Deltas are simply defined as the data that has changed since the last backup run.  Defining it any further than that depends on how the backup application computes deltas.  A delta could be a raw disk block, a variables length portion of a file or even a complete file depending on the method.

h2. Check Sums

Checksums can be used to compute Deltas.  The main advantage of the checksum method is that granularity beyond complete files is provided.  Checksum methods all have some concept of a block where a block is either defined as fixed length or variable length.  In the fixed length example a file is broken into fixed length byte ranges or blocks for example 4 KB.  A unique signature called check sum is then computed based on the 4 KB.  The most popular checksums for this purpose are [MD4|http://en.wikipedia.org/wiki/MD4] and [MD5|http://en.wikipedia.org/wiki/MD5].  For more information on checksums see: [http://en.wikipedia.org/wiki/Cryptographic_hash_function]

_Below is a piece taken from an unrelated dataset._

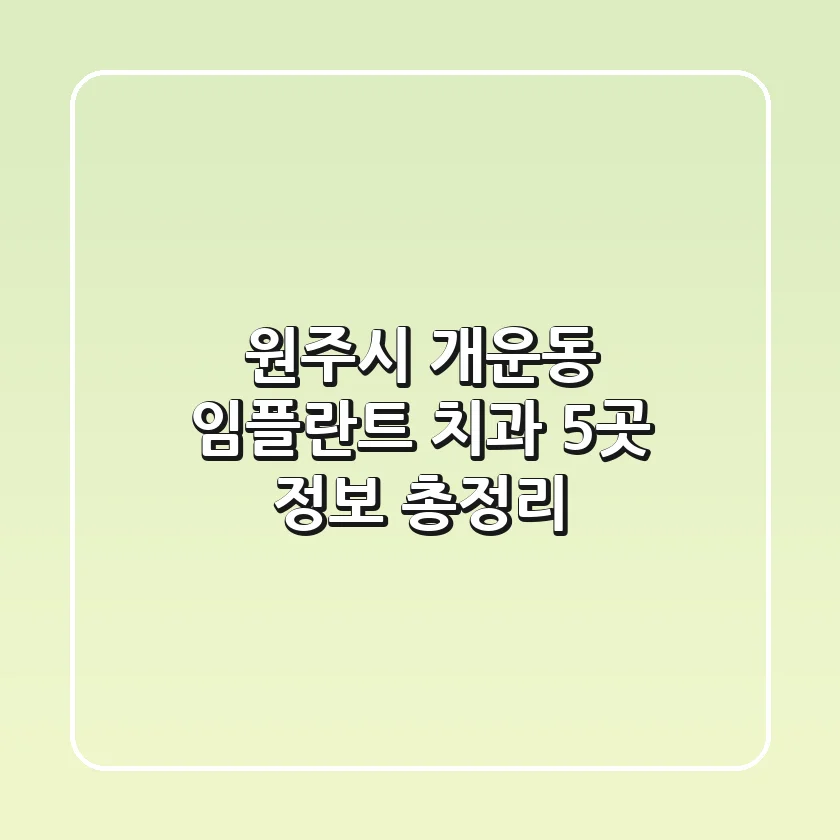 원주시 개운동 임플란트 치과 5곳 정보 총정리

The most popular algorithm for computing deltas in backup applications is the [rsync|http://en.wikipedia.org/wiki/Rsync#Algorithm] algorithm.  _Many_ commerical backup applications use the rsync algorithm to compute deltas for backup purposes.  One of the best known is [Evault|http://www.evault.com/].  Evault actually has a [patent on the process|http://www.google.com/patents?id=4Gl7AAAAEBAJ] of using variable length block deltas for incremental backup purposes.  Some backup application vendors like [Vembu |http://www.vembu.com]actually [brag about being based on rsync algorithm|http://www.vembu.com/storegrid/rsync-incremental-backup.html].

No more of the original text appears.